En Genealogía de la moral, uno de los textos clásicos de la filosofía occidental, Friedrich Nietzsche caracteriza el nexo social en términos de la relación entre acreedor y deudor. Los integrantes de una sociedad disfrutan de la estabilidad, la protección social y una serie de privilegios con respecto al “extraño” a dicha comunidad.

Esta serie de privilegios impone por igual un conjunto de obligaciones o compromisos con respecto al orden social. Cuando un ciudadano se desentiende de estas obligaciones entra en una situación de deuda con el acreedor, la sociedad misma.

Desde la perspectiva de Nietzsche, la comunidad, como acreedor engañado, se empeñará en cobrar la deuda al infractor del orden social que con sus acciones atenta contra ella.

Ahora bien, según la perspectiva nietzscheana, las sociedades primarias e institucionalmente débiles cobran la infracción social con hostilidad, odio y crueldad. En las colectividades social e institucionalmente fuertes, se humaniza el cobro de la deuda, hasta el punto de que no es necesario el aniquilamiento del infractor, sino su readecuación al orden social una vez ha cumplido con el pago de su deuda.

Nietzsche sostiene que un indicador del poder de una sociedad es su capacidad para asimilar los daños causables por el infractor. Siguiendo este principio, nos dice que podríamos llegar al nivel donde una comunidad podría ser lo suficientemente fuerte para darse el lujo de la impunidad, de no cobrar las faltas al cuerpo social, como el individuo lo suficientemente rico puede darse el lujo de no cobrar una deuda monetaria.

Mirando el planteamiento desde un contexto latinoamericano, la postura resulta llamativa. En una sociedad como la nuestra, la dinámina es inversa. El orden social es débil y falla constantemente en su función de “acreedor”. De hecho, las instituciones se desarrollan sobre la base de una infracción constante del orden social, quien a pesar de no ser lo suficientemente fuerte para “acumular deudas”, lo hace, creando una cultura de la impunidad.

Es entonces donde se crean las condiciones para que cualquier ciudadano particular se convierta en el “acreedor”, ejerza el derecho a la violencia que compete al Estado y tome la justicia en sus manos.
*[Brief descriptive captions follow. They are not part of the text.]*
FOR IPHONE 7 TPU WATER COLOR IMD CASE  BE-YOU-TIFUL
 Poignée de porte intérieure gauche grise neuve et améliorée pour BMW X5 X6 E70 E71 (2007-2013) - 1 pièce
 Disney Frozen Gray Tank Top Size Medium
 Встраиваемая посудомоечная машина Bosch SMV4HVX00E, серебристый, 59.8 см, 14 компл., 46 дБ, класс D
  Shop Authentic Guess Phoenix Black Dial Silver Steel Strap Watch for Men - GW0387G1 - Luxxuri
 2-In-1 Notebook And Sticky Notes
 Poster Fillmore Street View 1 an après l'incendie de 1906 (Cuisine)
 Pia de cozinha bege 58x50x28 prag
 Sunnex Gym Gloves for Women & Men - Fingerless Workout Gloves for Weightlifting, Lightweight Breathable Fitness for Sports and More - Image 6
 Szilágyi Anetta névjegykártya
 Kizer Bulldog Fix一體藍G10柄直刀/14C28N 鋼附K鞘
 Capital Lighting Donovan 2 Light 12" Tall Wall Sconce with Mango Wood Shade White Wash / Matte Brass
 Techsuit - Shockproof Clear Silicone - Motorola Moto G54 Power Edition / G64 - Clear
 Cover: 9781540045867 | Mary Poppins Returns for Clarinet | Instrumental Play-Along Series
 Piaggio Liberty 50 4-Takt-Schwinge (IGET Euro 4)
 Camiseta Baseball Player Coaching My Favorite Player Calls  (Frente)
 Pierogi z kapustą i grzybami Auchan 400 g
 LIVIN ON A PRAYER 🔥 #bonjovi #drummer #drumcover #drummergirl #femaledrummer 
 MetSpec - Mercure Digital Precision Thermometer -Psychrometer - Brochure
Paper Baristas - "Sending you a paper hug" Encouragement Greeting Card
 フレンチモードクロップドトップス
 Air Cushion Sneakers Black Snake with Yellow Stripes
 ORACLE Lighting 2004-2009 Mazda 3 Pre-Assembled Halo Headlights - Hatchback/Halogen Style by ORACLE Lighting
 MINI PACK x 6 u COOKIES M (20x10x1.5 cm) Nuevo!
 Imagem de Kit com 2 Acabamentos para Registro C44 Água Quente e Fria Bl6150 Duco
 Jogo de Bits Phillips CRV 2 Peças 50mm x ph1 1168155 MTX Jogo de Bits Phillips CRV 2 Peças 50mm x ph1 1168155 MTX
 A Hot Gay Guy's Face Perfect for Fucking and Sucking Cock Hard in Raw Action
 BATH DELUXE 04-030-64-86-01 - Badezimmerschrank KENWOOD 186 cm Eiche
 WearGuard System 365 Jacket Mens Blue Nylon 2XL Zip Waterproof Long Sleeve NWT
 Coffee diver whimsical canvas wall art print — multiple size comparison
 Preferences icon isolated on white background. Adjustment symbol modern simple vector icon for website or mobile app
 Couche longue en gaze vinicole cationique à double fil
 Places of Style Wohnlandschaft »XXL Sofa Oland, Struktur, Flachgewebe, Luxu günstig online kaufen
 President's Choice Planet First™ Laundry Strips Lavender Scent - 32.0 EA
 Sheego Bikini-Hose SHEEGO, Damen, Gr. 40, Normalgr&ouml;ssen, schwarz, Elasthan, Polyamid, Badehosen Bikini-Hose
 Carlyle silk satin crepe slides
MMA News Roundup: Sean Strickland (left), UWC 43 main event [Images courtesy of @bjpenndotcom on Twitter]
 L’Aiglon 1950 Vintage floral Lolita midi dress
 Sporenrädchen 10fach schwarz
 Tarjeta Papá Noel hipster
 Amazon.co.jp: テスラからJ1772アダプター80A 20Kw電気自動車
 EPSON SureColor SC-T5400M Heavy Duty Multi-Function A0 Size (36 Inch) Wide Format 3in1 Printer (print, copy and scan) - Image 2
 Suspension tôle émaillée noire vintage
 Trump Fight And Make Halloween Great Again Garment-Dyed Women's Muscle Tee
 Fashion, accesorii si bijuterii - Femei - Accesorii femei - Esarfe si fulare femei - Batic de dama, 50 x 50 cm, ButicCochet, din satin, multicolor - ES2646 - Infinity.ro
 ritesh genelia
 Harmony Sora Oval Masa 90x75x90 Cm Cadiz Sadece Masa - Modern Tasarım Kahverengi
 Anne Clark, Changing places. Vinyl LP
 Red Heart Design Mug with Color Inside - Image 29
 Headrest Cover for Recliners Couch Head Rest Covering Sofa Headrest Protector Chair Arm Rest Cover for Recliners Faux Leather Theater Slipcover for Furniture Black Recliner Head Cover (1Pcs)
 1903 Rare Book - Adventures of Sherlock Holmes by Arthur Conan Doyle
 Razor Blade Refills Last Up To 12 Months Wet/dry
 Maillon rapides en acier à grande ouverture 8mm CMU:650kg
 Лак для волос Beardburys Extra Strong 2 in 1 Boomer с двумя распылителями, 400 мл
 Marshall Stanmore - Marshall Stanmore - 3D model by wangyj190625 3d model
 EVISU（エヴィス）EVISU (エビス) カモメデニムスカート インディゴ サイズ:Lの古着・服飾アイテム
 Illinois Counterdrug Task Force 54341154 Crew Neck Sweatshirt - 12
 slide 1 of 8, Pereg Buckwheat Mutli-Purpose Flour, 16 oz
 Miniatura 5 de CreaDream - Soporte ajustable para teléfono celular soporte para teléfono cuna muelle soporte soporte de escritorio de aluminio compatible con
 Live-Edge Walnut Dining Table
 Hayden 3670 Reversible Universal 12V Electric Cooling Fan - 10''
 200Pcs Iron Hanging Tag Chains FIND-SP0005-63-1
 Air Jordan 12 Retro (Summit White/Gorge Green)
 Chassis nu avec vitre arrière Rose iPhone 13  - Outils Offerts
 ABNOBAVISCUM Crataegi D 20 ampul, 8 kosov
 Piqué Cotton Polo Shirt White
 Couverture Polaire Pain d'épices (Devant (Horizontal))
La acumulación de las “deudas sociales”, de las constantes infracciones no cobradas contribuye a la conformación de una atmósfera psicológica favorable para que un individuo pueda decidir aniquilar a un infractor del orden social recibiendo el aplauso de un segmento significativo de la población, como ha ocurrido en las últimas semanas.

Entonces, se comienza a trazar un peligroso camino donde más señales invitan a cobrar personalmente las deudas. Es el inicio del trayecto casi irreversible hacia una sociedad de violentos acreedores, hacia la disolución del cuerpo social.